PROVIDED DATA START

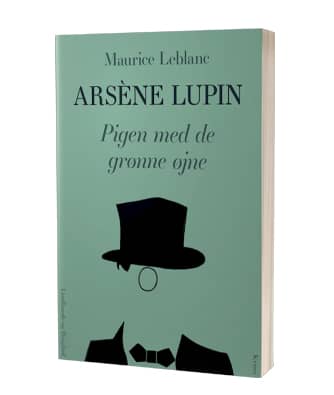 'Arsène Lupin - pigen med de grønne øjne' af Maurice Leblanc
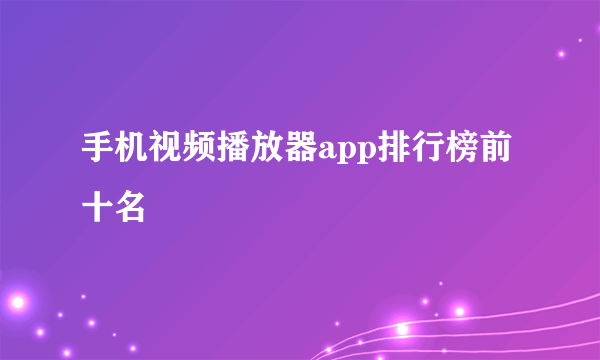 手机视频播放器app排行榜前十名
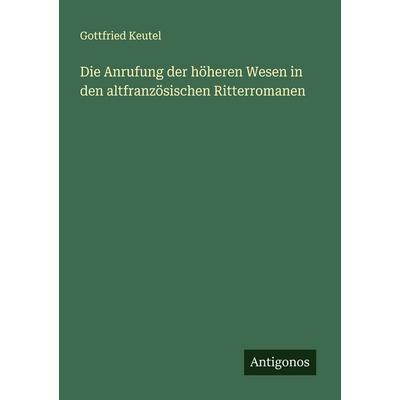 Die Anrufung der höheren Wesen in den altfranzösischen Ritterromanen, Taschenbuch von Gottfried Keutel, Antigonos Verlag, 978-3-563-91935-4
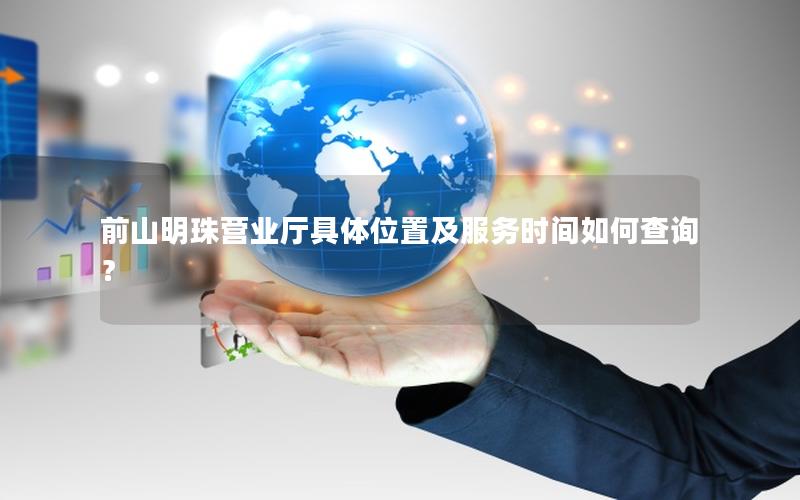 前山明珠营业厅具体位置及服务时间如何查询？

PROVIDED DATA END

EXERCISE OBJECTIVE:
Print the data above in full and exactly as it appears, skipping the pictures.

ANSWER SECTION:
 'Arsène Lupin - pigen med de grønne øjne' af Maurice Leblanc
 手机视频播放器app排行榜前十名
 Die Anrufung der höheren Wesen in den altfranzösischen Ritterromanen, Taschenbuch von Gottfried Keutel, Antigonos Verlag, 978-3-563-91935-4
 前山明珠营业厅具体位置及服务时间如何查询？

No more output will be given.